TASK REQUIREMENTS:
Within the data that follows, how many lines carry the string "those"? Give the number alone.

╭─ DATA PROVIDED

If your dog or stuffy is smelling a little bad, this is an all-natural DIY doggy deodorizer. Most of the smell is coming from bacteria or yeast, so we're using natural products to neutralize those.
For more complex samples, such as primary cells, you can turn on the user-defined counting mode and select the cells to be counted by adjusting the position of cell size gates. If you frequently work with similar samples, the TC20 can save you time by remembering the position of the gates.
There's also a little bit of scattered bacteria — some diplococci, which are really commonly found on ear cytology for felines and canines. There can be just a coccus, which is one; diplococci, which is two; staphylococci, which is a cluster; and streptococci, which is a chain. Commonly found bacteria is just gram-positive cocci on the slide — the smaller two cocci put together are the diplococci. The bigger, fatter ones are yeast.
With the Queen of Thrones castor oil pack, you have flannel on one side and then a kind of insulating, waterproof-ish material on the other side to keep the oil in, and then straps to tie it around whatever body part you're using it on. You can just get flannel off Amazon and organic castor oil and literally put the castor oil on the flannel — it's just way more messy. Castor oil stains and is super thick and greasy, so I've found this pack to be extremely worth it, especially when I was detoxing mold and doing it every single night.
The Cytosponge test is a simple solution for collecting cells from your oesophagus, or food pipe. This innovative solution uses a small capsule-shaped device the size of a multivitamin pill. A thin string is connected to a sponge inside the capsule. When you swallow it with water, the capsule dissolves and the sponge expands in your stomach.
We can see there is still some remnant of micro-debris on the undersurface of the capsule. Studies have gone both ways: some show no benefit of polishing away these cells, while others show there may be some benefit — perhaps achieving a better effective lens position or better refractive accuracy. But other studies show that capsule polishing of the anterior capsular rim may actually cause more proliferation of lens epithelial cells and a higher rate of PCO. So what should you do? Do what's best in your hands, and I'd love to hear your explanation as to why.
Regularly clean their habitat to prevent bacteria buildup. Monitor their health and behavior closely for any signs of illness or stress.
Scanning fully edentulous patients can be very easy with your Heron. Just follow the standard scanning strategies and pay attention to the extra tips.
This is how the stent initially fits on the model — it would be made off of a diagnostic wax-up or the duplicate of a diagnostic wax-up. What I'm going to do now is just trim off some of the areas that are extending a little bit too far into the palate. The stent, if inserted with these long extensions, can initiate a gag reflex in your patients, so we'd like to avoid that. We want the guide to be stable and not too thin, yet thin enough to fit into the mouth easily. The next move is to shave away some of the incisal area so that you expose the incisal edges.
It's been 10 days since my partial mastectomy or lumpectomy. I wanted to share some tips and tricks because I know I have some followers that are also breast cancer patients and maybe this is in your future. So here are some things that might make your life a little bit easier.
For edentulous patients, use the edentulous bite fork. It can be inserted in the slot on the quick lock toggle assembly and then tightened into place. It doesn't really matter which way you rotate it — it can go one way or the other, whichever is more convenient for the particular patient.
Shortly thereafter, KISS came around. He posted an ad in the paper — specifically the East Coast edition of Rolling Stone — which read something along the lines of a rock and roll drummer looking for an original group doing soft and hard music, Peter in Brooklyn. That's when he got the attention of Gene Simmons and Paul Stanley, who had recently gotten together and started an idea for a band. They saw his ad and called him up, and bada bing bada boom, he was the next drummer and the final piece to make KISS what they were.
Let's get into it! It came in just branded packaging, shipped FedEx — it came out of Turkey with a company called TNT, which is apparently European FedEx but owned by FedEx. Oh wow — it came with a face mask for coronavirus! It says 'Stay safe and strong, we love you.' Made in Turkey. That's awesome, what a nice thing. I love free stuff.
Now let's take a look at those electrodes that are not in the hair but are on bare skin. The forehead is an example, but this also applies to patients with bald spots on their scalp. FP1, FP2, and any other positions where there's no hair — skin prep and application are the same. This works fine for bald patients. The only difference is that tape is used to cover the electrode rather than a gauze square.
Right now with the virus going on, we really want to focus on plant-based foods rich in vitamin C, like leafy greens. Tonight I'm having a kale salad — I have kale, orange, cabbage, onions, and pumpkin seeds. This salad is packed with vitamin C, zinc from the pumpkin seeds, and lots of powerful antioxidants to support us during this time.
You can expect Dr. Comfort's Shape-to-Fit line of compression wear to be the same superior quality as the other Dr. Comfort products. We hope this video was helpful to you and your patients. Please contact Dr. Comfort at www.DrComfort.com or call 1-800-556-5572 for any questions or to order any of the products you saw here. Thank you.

╰─

EXERCISE SOLUTION:
2